------ Entries supplied ------
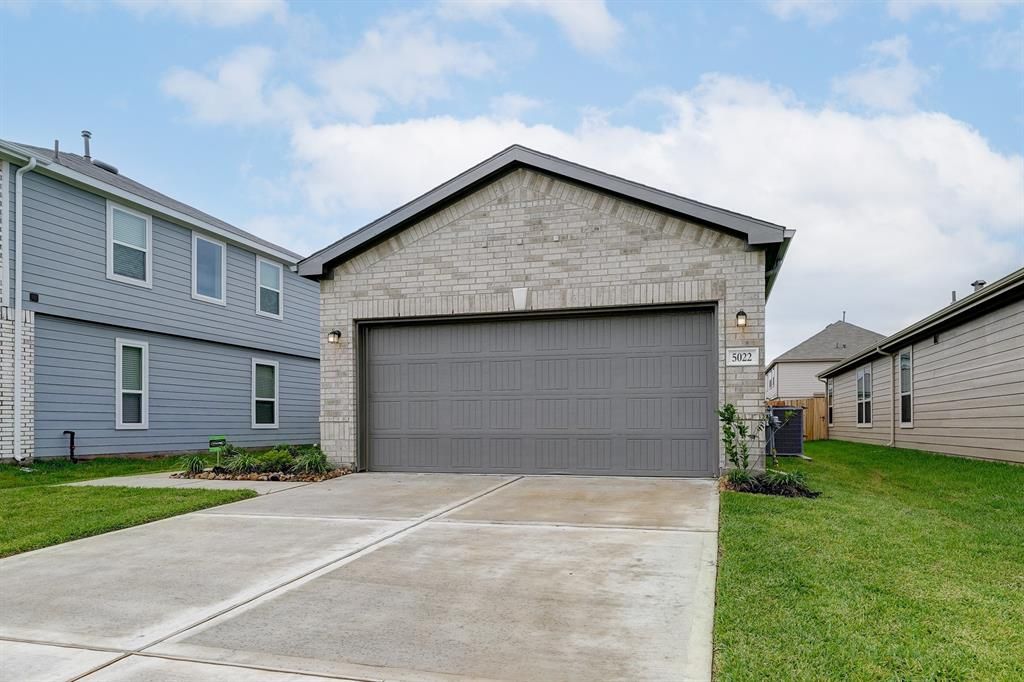5022 Gazelle Leap Lane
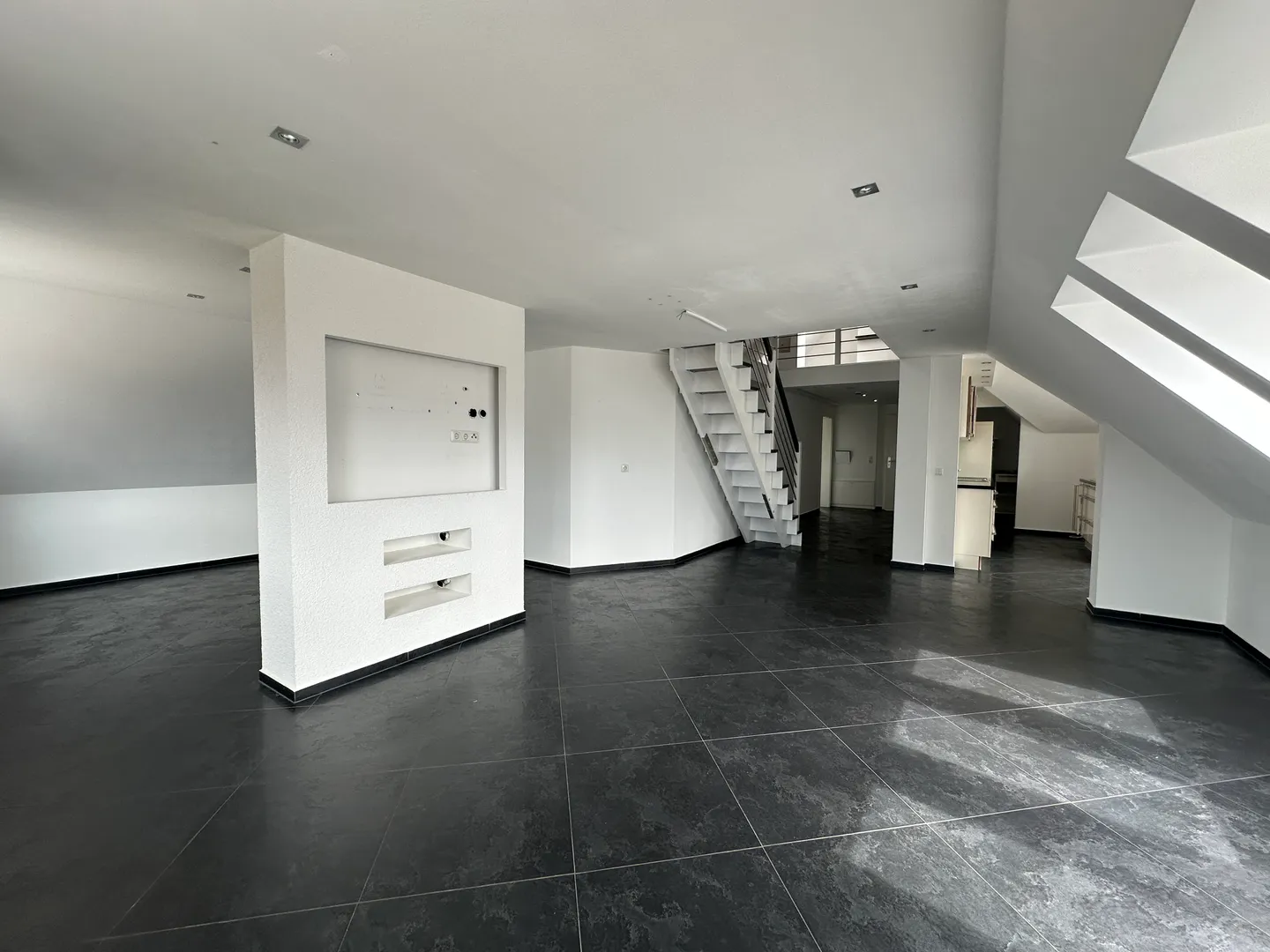 Wohnung zur Miete in Stätzling - Photo 1
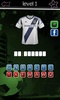 Football Kits Quiz 13 screenshot 4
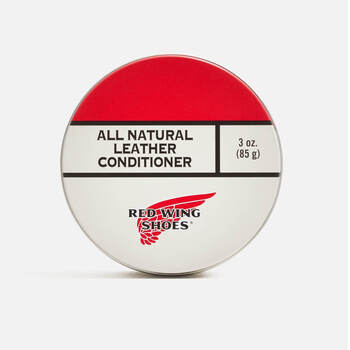 Red Wing All Natural Leather Conditioner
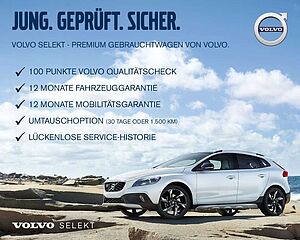 Volvo  T8 AWD Recharge Geartronic Inscription Expression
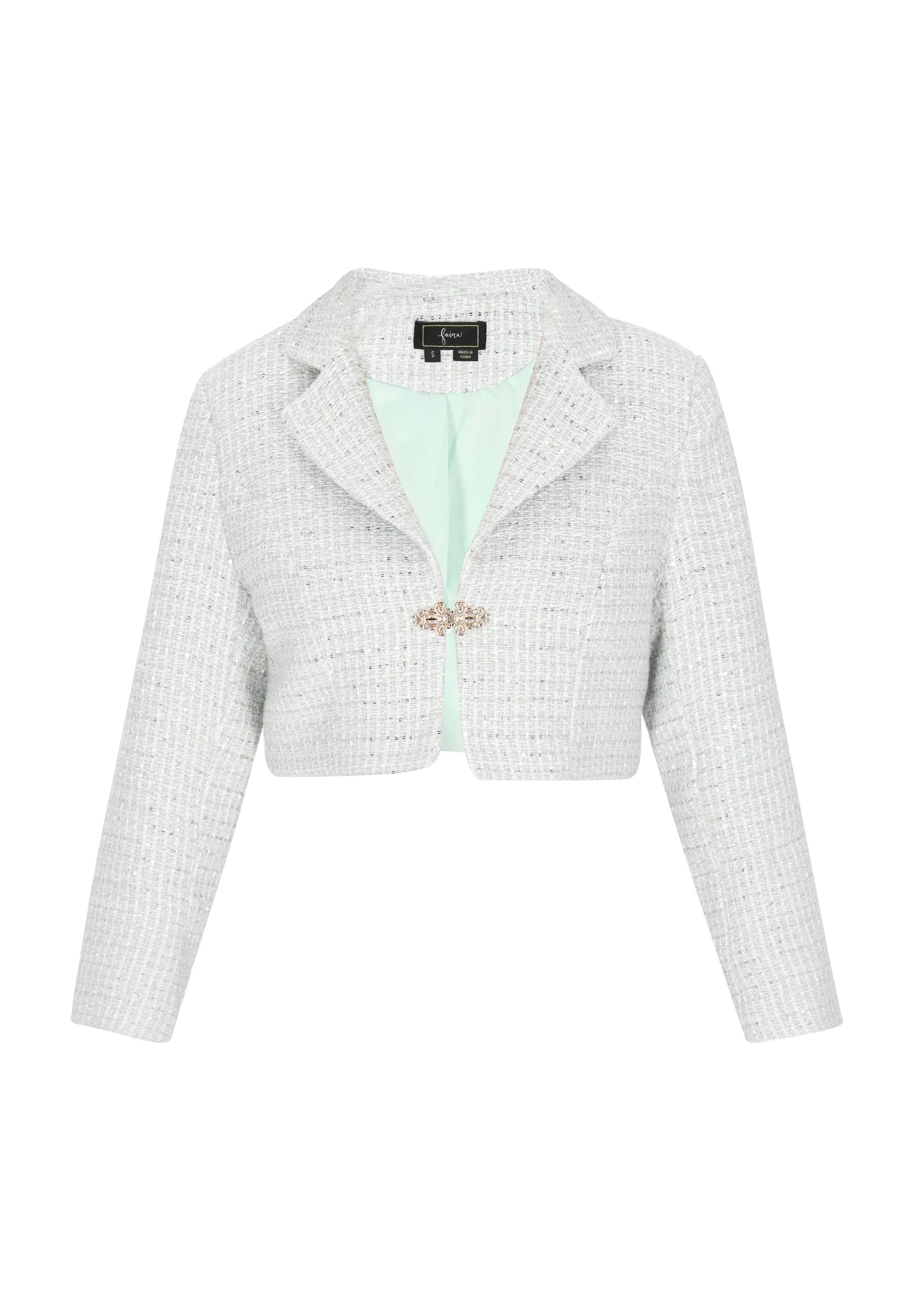 faina Women's Jacket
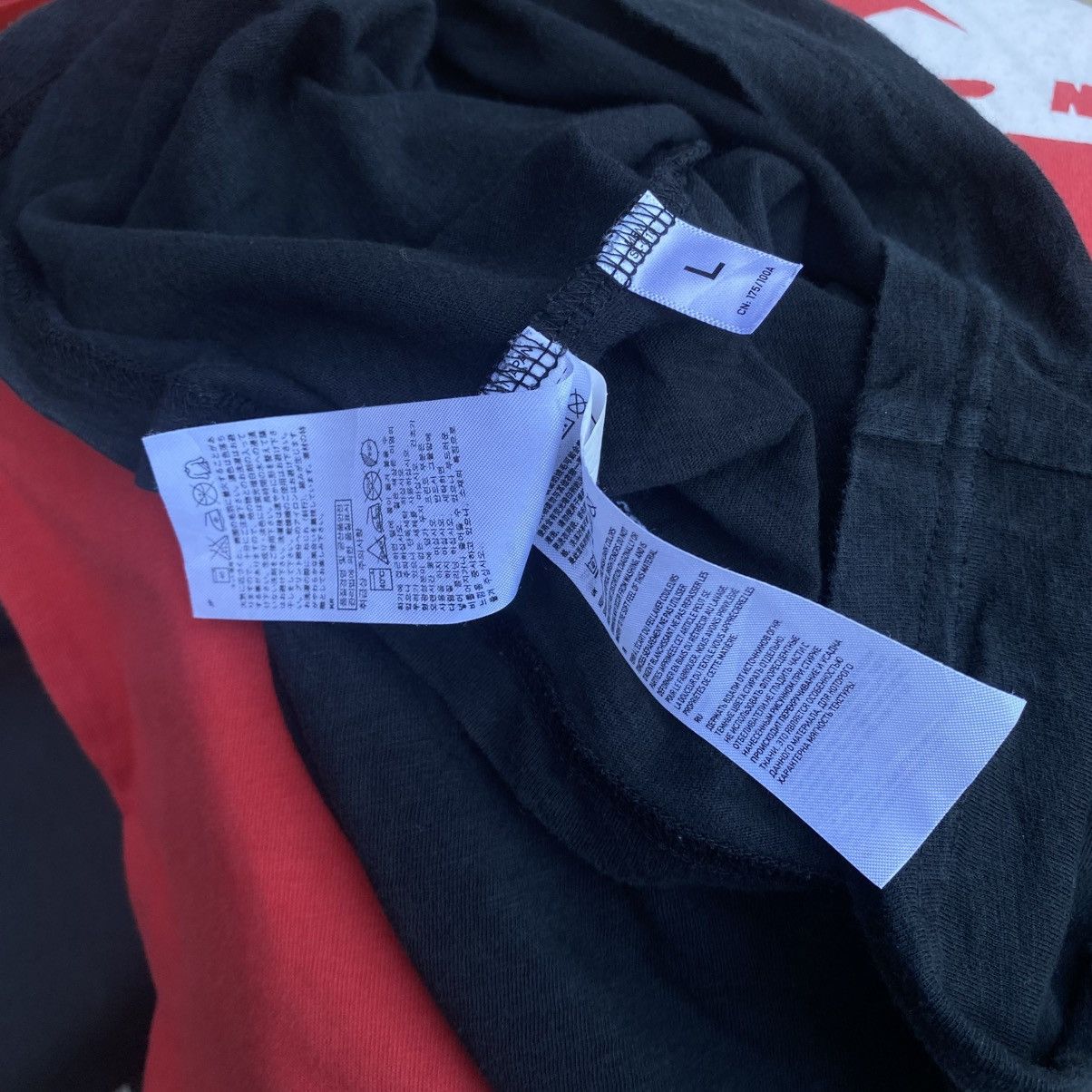 Undercover Undercover HiJOE! 3Quarter Sleeves Shirt. #E10 Size US L / EU 52-54 / 3 - 6 Thumbnail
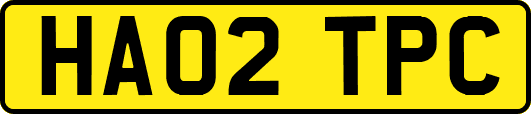 HA02TPC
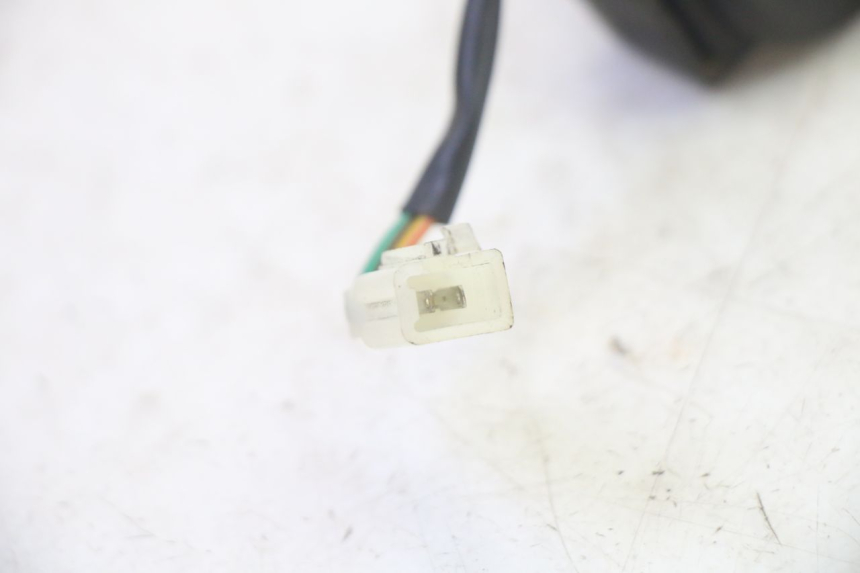 photo de STARTER RELAY SYM FIDDLE 3 III 125 (2014 - 2020) - Technical close-up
------
• [Work required] Reproduce, unchanged, each line between the one with "faina Women's Jacket" and the last line of the material, both included; the pictures do not go in.

• [Answer to the problem]
 faina Women's Jacket
 Undercover Undercover HiJOE! 3Quarter Sleeves Shirt. #E10 Size US L / EU 52-54 / 3 - 6 Thumbnail
 HA02TPC
 photo de STARTER RELAY SYM FIDDLE 3 III 125 (2014 - 2020) - Technical close-up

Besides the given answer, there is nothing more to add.